Growth truly is a frightening thing.
Not because we notice it while it is happening, but because one day we return to the places that raised us and realize we no longer fit inside them the way we used to. The walls that once felt enormous now feel close together. The spaces that once felt endless now seem small enough to cross in a few steps. It is not the house that has changed nearly as much as we have.
As I walked around the compound, memories rose up like waves breaking against the shore of my mind. I could see my brothers running ahead of me, hear the sound of our feet slapping against the ground as we chased each other endlessly around the yard. Those days had felt like they would last forever.
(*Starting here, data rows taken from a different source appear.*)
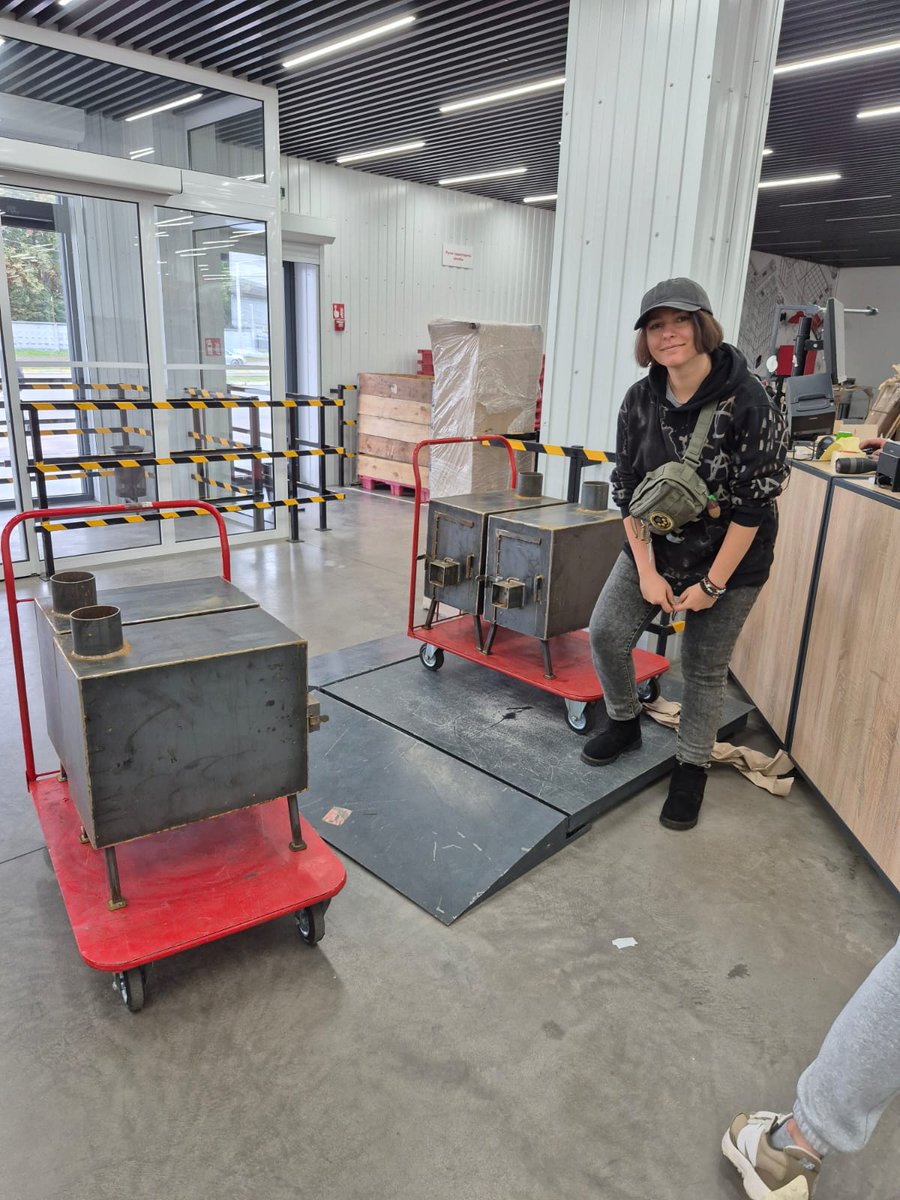 #Укртві
Друзі, я шукаю бус, щоб відвезти з Київської області 6 пічок + мене в Харківську область. Моєму другу військовому потрібна допомога.

1-3 лютого
Витрати на дорогу оплачу.
0639661606 Катерина

Тут на фото 4. Але буде 6 пічок і більшого розміру.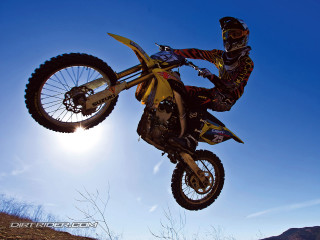 Dirt bike trick air hillside - dee whitcomb free wallpaper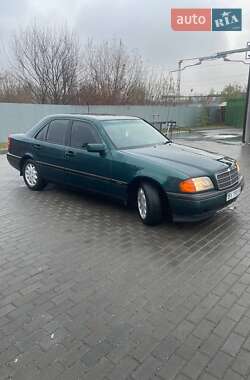 Седан Mercedes-Benz C-Class 1994 в Виннице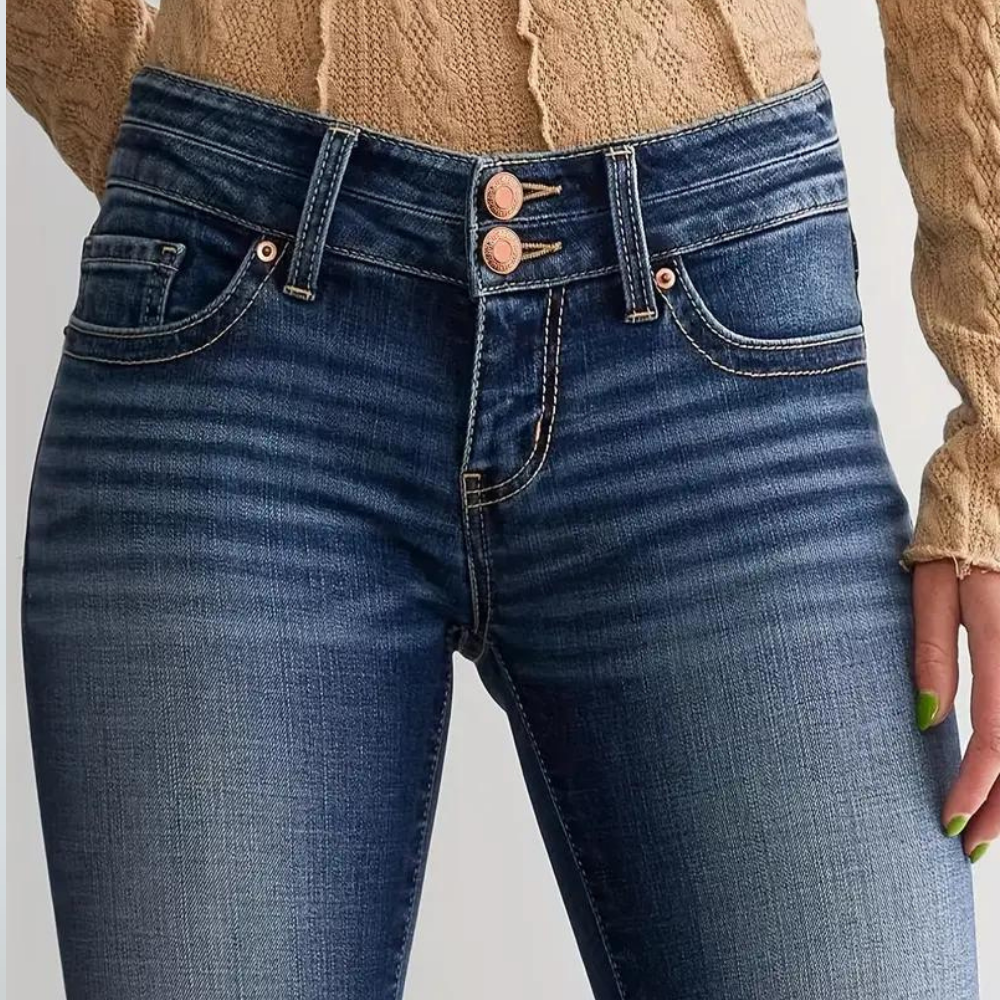 Hilary | Stijlvolle Flared Broek in de kleur Babyblauw voor dames in stijl ideaal voor de herfst.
Time moved slower back then, stretching long and wide like an afternoon that refused to end.
One memory arrived clearer than the others, sharp and chaotic like a scene from a film that had never quite faded. One of my cousins had been chasing his brother across the compound with a cutlass in his hand. Even now I cannot remember what started the fight, only the wild look on his face and the terrified laughter of the one being chased. It had been both ridiculous and frightening, the kind of madness that somehow made perfect sense in the reckless world of childhood.
Another memory followed close behind it, one that my body still remembered more vividly than my mind. I stopped walking when I reached the exact spot where it had happened. I found myself standing there without realizing it, staring at the patch of ground where it had happened. For a moment the years collapsed in on themselves. One of our own dogs had attacked me right there, teeth breaking through skin in a moment that had turned the entire world into panic and shouting. I could hear the barking again, feel the sudden panic, the blur of movement and pain. My body almost remembered before my mind did. The old wounds on my skin seemed to throb faintly, not with pain exactly, but with recognition, as if the scars themselves knew they had returned to the place where they were born.
It was strange standing there now.
I looked around the compound one last time and realized something strange. This house, this place that had once made me feel so small, so confined within its boundaries, no longer had that power over me. The walls were the same. The ground was the same. But I was not the same person who had once run through this yard.
The house had not shrunk.
I had simply grown beyond it.
And there was something beautiful and terrifying about that realization. Because growing up does not just mean getting taller or older. It means one day standing in the middle of the places that built you and realizing they no longer hold you the way they once did.
You carry them now instead.
In memories. In scars. In the quiet understanding that the child who once lived there still exists somewhere inside you, running endlessly through a compound that felt as wide as the world.